Here is my first milling project. The silver piece in the middle of the photo is an aluminum bracket that is used to tension the blade on my bandsaw. The original cheap cast iron bracket broke. Notice how I machined the top and face flat as well as milling the side slots for the steel guides to slide in. Notice the sand texture still on the side. I did not mill it flat since nothing will contact it.

Aluminum was used since I didn't know if I'd even have the skill to make this but now that I see what I can do I'd like to make a new bracket from steel or brass.

Click the photo for a larger view

Gingery dividing head patterns

These are patterns for the Gingery designed dividing head. These are not all of them nor are they all complete but that's neither here nor there. They'll be ready when I'm ready for them or I might buy a dividing fixture instead.

On the right are patterns for the fly cutter.
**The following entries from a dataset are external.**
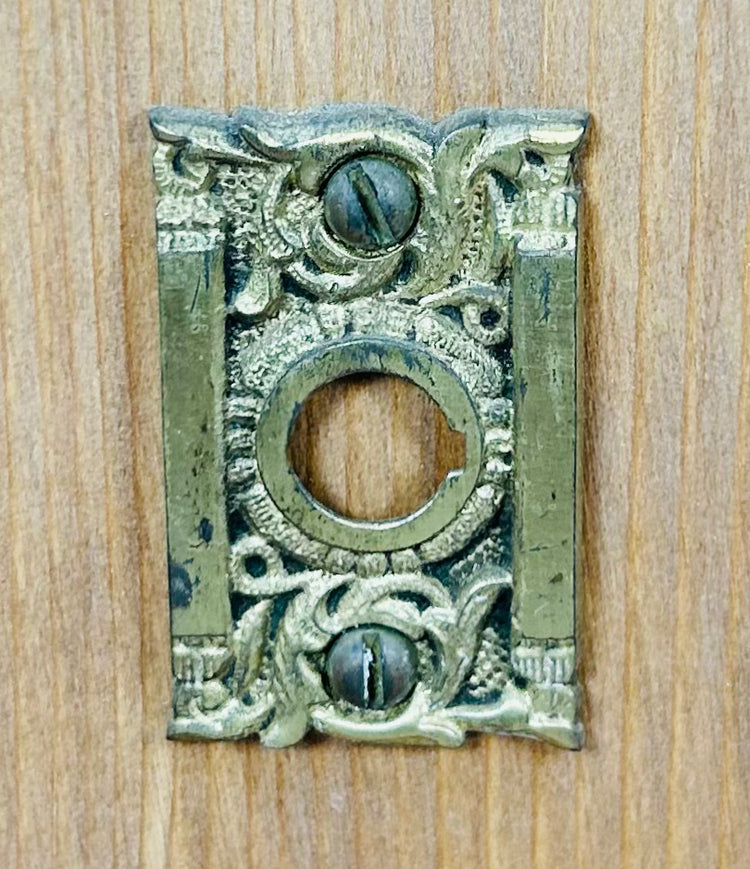 Antique Reading lockset with brass knob, hinge, and strike plate on wood base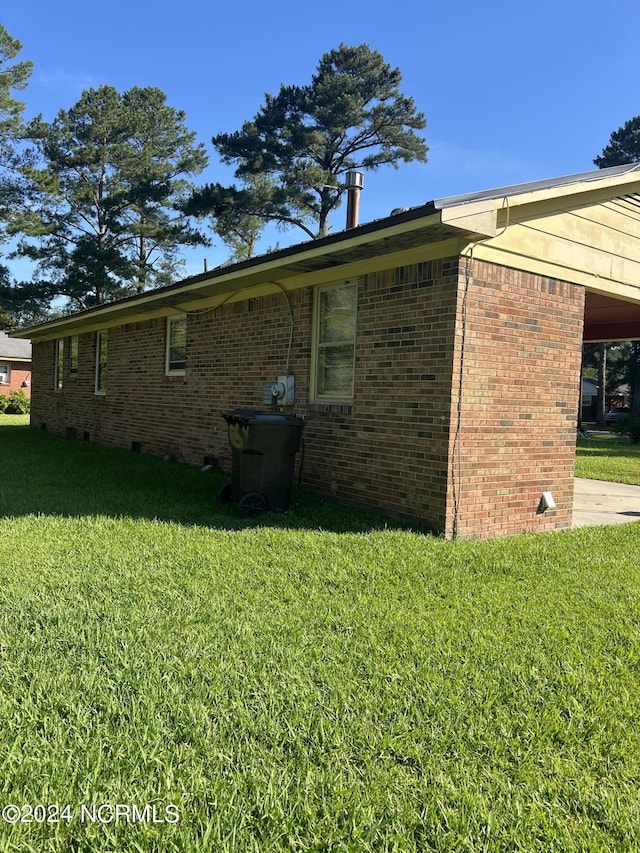 view of home's exterior featuring a lawn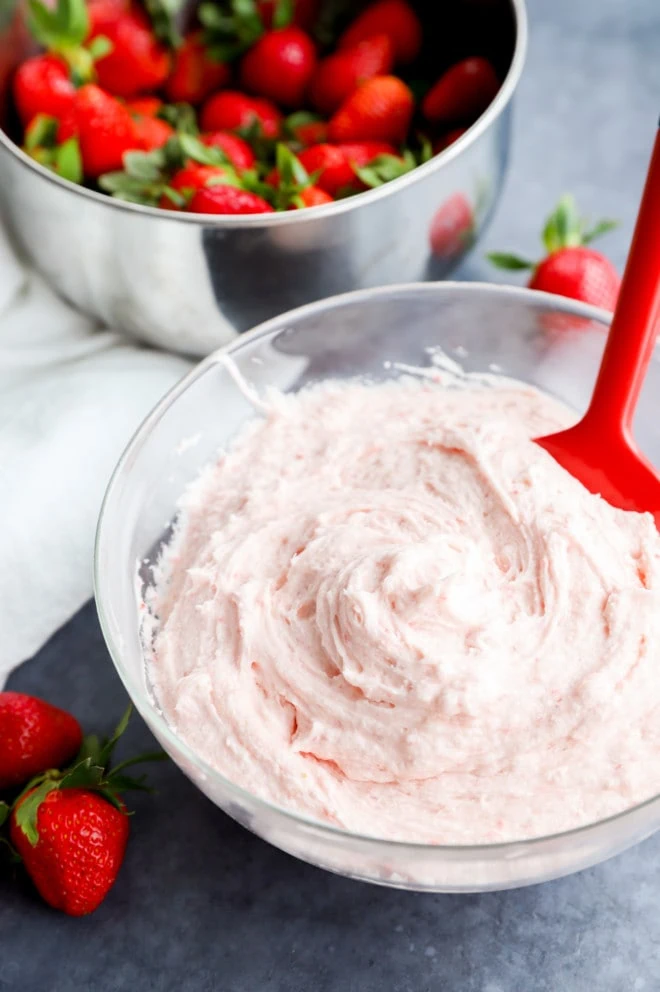 fresh berry cake decoration in a bowl with a spatula and fresh fruit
And I made two different bottom halves of the patterns so I can cast one to fit a 5/8" shaft (as the book describes) and one for a 1/2" shaft to fit a smaller spindle adaptor that I have. I'm also working on some angle plate patterns.

spindle threads

Here's the machine with the arbor and cutter removed. Take a look at the threads on the end of the spindle. They are just like the threads on the spindle of a lathe. This gives me the option to build the universal compound described in the Gingery mill book and cast a faceplate for this machine to do large diameter turning work.

With the milling head at it's maximum height I can fit a 19" diameter faceplate on it over the table. But I still have to remove the overarm/support bar above the spindle which is currently stuck in place...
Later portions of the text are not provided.